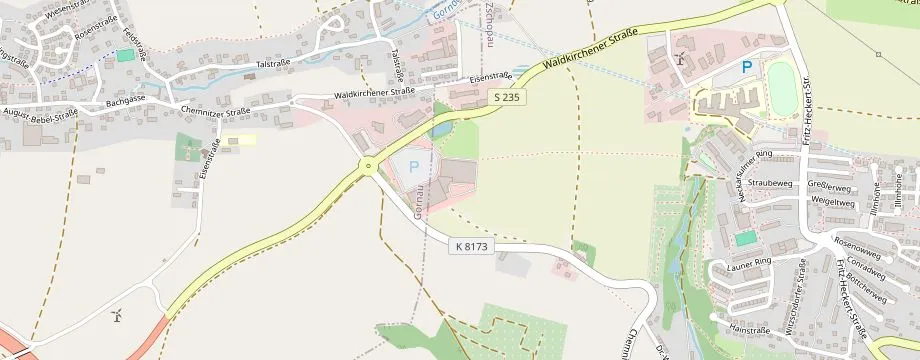 Karte mit der Lage des OBI Markt Zschopau, Chemnitzer Str. 124, 09405 Zschopau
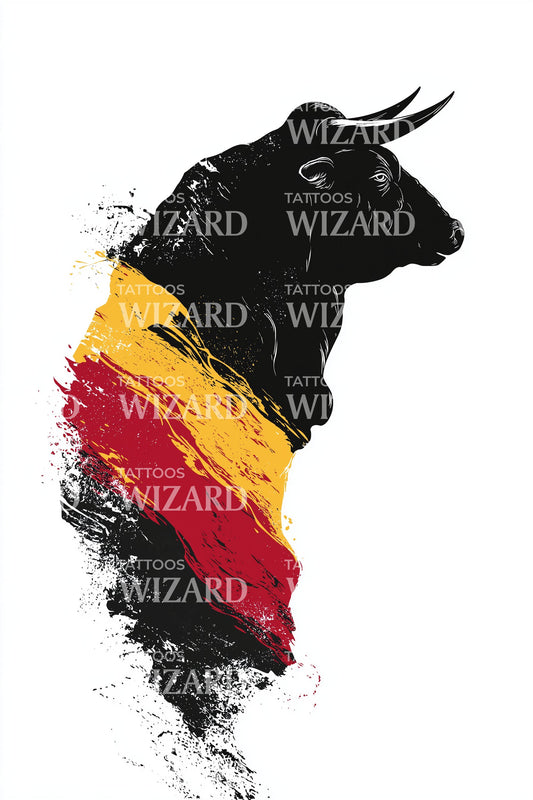 Idea de tatuaje con pincelada de la bandera de España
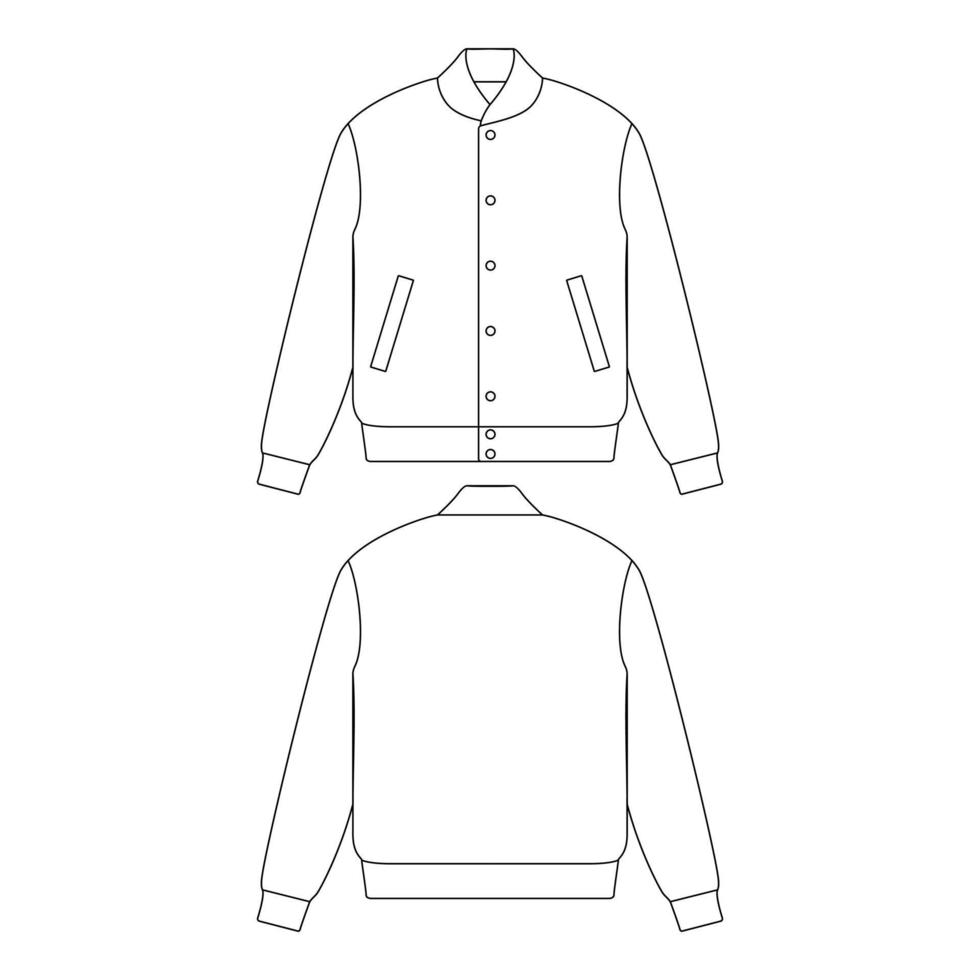 modello giacca varsity illustrazione vettoriale design piatto contorno collezione di abbigliamento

= = = = =

Take the line containing "Idea de tatuaje" through the last line of the material and retype exactly those lines, both ends included, with no pictures.

= ANSWER FOR THIS EXERCISE =
 Idea de tatuaje con pincelada de la bandera de España
 modello giacca varsity illustrazione vettoriale design piatto contorno collezione di abbigliamento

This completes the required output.